Input data: Begin

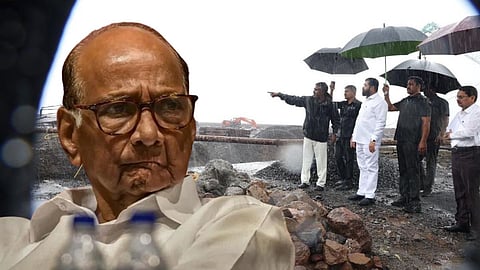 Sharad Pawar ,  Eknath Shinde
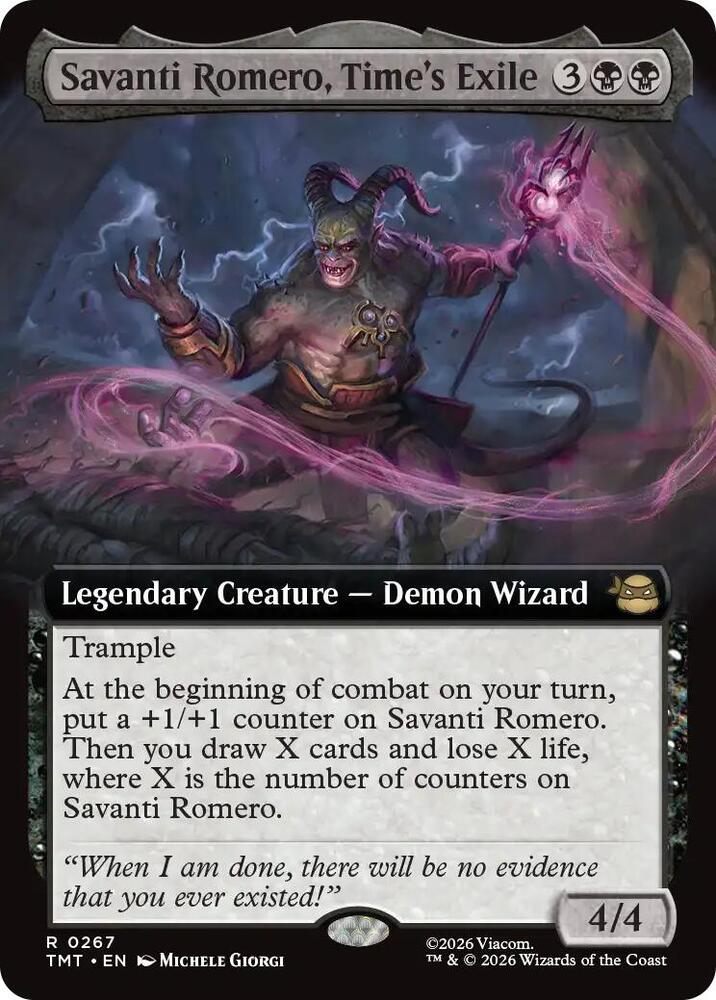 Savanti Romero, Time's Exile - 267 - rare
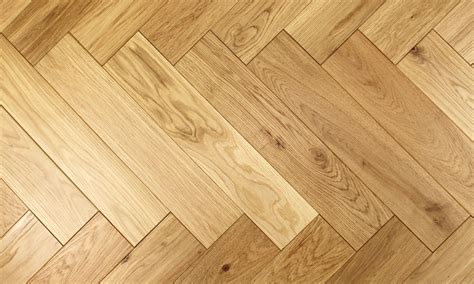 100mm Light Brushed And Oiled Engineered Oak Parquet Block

Input data: End
Input data: Begin

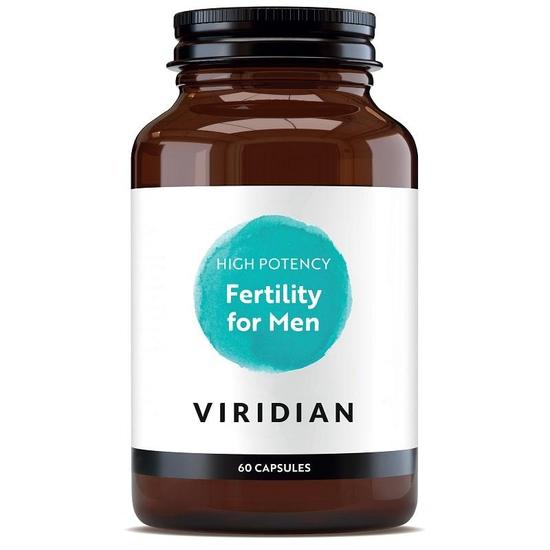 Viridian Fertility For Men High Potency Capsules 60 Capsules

Input data: End
Input data: Begin

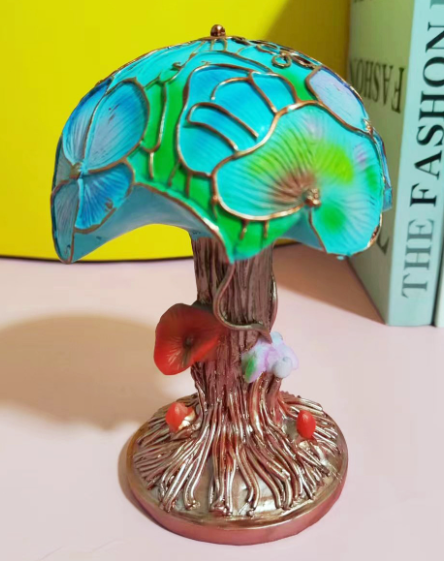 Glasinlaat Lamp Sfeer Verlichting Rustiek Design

Input data: End

▶ _Exercise brief_: Above are the records; return the lines in them from the one with "Savanti Romero, Time's Exile - 267 - rare" to the one with "100mm Light Brushed", inclusive, exactly and without images.

▶ _Your solution_:
 Savanti Romero, Time's Exile - 267 - rare
 100mm Light Brushed And Oiled Engineered Oak Parquet Block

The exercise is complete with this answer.